The presence of a virus sequence in a particular plant does not necessarily mean that the virus is pathogenic. Although most viruses rob vital metabolites from the tree and thus reduce growth to some degree, information about more serious effects cannot be predicted. Obtaining virus sequences via deep sequencing is just the first step from which we can determine the biology of the associated viruses including its mode of transmission and its impact on production. Fortunately, the results of deep sequencing provide the sequence information that is necessary to build other testing formats that allow such investigations to proceed. The utility of this technology is clearly demonstrated by this preliminary assessment.
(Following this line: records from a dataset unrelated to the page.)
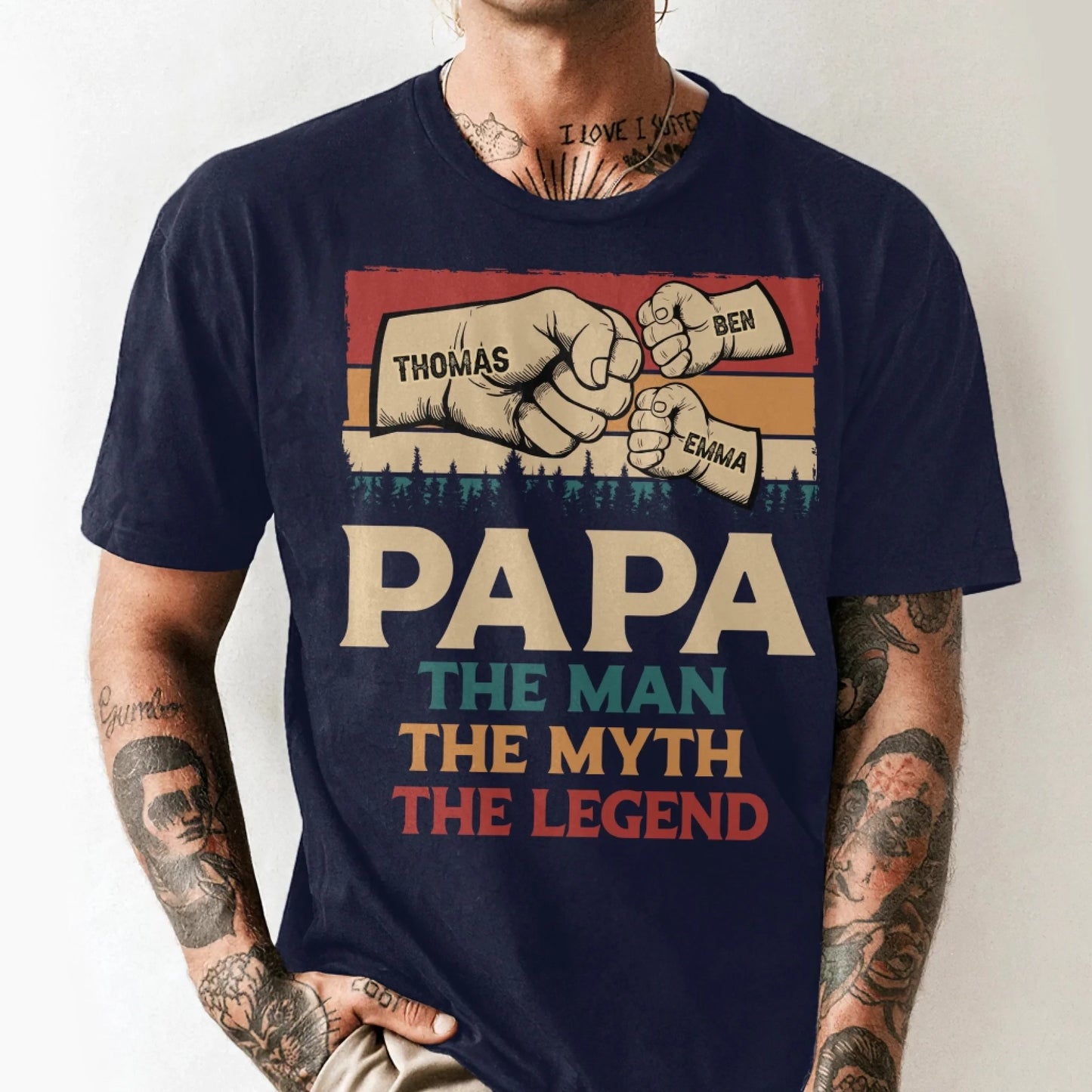 Fathers Day Shirt, Pesonalized Your Design, PaPa The Man Myth Legend T-Shirt, Custom Choo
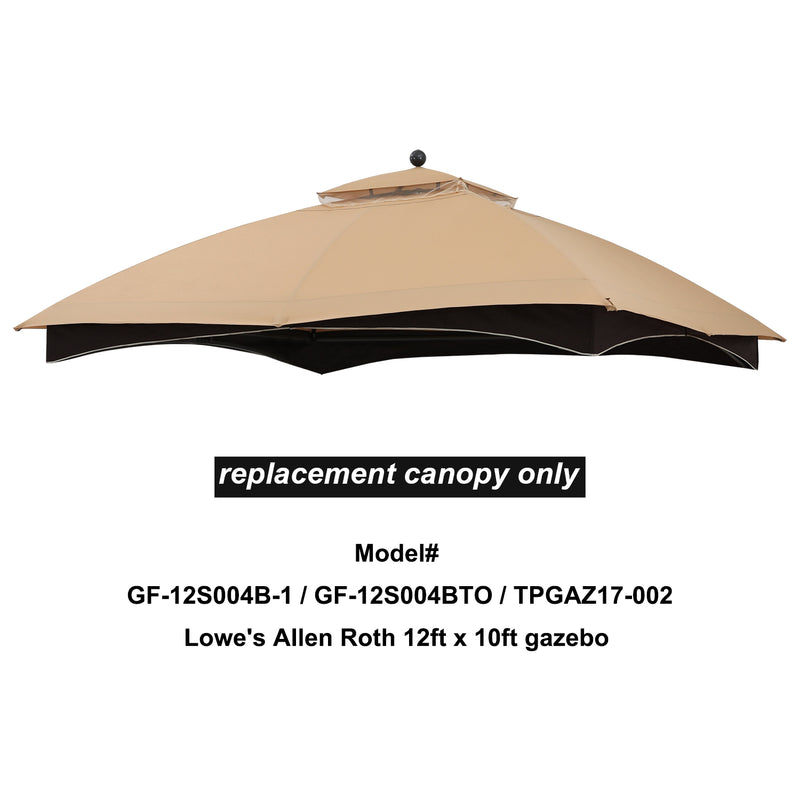 Load image into Gallery viewer, MASTERCANOPY Replacement Canopy Top for Lowe's Allen Roth 10x12 Gazebo #GF-12S004B-1
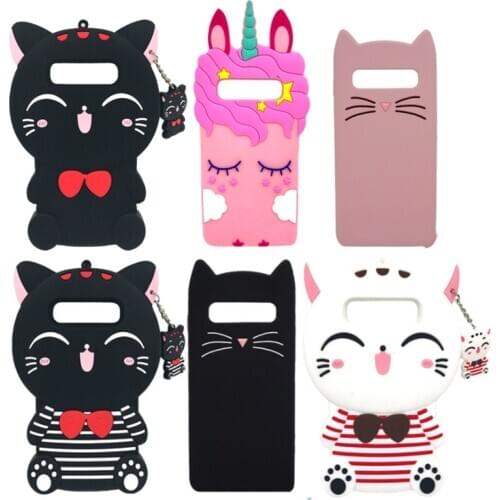 For Samsung Galaxy S10 Case S10Plus 3D Cute Cartoon Animals Soft Silicone Protective Phone Back Cover For Samsung S10 Plus S 10E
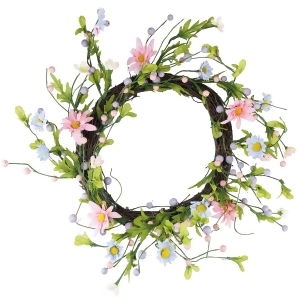 12 Green Pink and Purple Decorative Artificial Spring Floral Twig Wreath Unlit - All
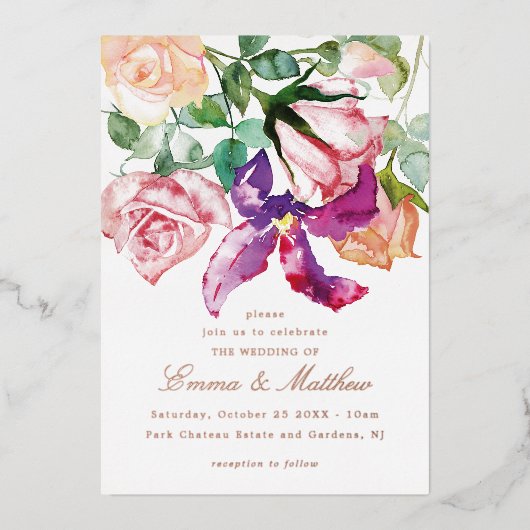 Invitation En Aluminium Mariage rustique Wild Elegance (Recto)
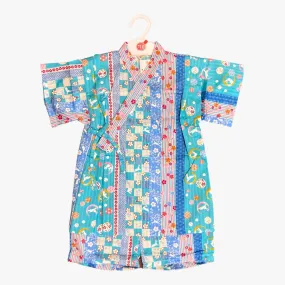 Girls 2pc Jinbei - Blue with sakura and bunny print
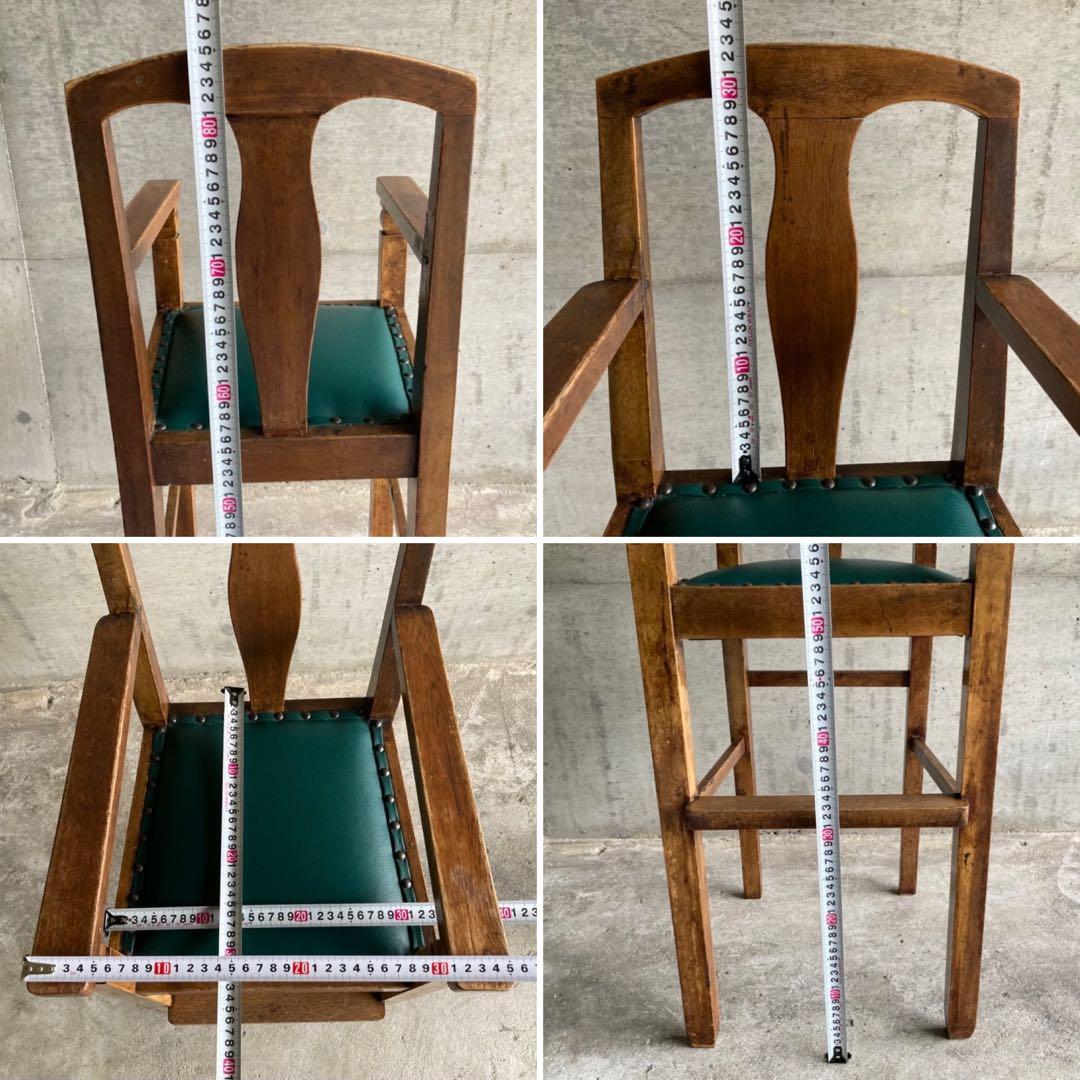 古い味のある子供椅子 ハイチェア 木製 飾り台 緑色 家具 レトロ ヴィンテージ
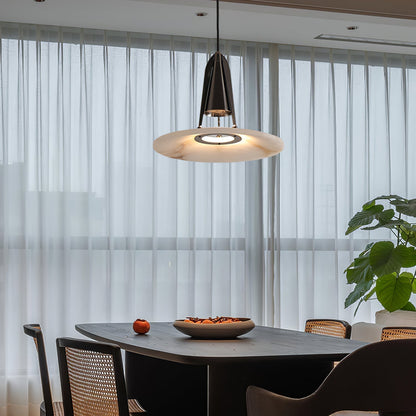 Alabaster Glow Conical Metal Pendant Light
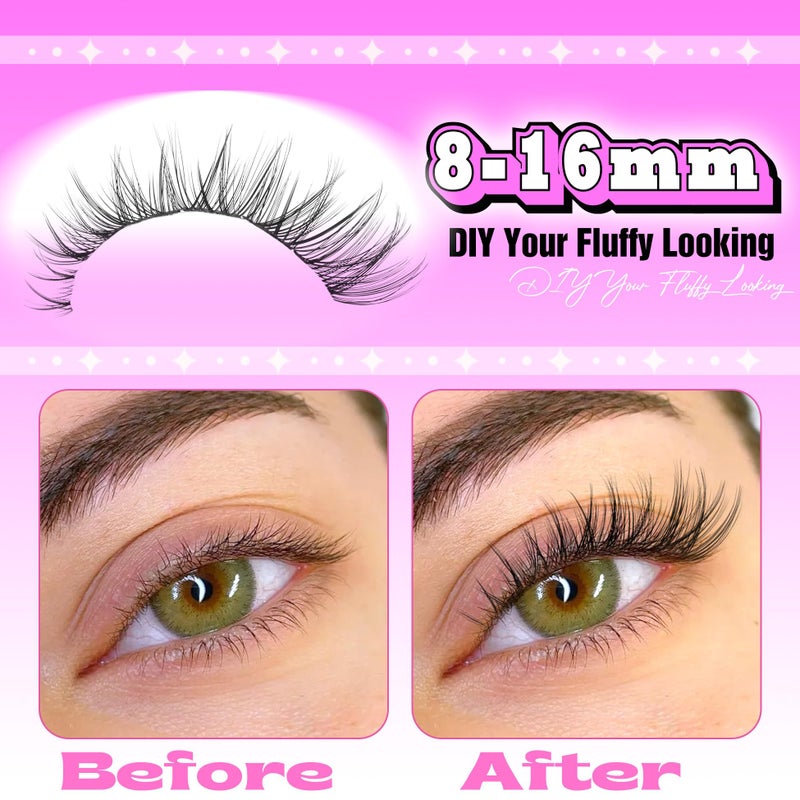 ALICE Natural Cluster Eyelash Extensions Lash Clusters DIY Lash Extensions Wispy Eyelash Clusters Individual Lashes 154pcs - Image 3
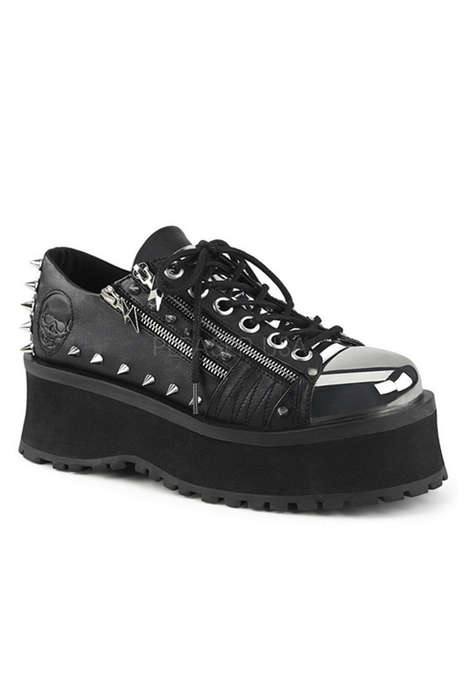 Men's Spiked double zipper Lace Up Oxford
Project Title: Evaluating a Universal Plant Virus Microarray for virus detection

The object of this project was to investigate the utility of contemporary laboratory tools for the reliable detection of plant viruses. The two technologies investigated were the use of microarrays and deep sequencing. Although both strategies have the potential to detect pathogens without prior detailed knowledge of the viruses present, deep sequencing emerged as the preferable method. The use of a previously developed microarray would detect and identify previously uncharacterized viruses to the genus level; however, the technique was unable to unravel the individual viruses that could exist as complexes in fruit trees. Moreover, characterization of the virus(es) required reliance on additional sequencing reactions. For these reasons, deep sequencing provided much more precise information about the virus(es) present in a given sample. In this assessment of the application of deep sequencing to 68 samples, several new viruses and virus variants were identified. The deep sequencing results provided an important foundation for further investigation of the viruses detected. The sequence data can be used directly for development of virus-specific assays that could be used in studies of virus host range and vectors. The economic impact of each virus must be determined. This is a combination of the virus impact on fruit quality and quantity, and the ability to move quickly to adjacent fruit trees. These important questions of epidemiology are beyond the immediate goal of virus detection.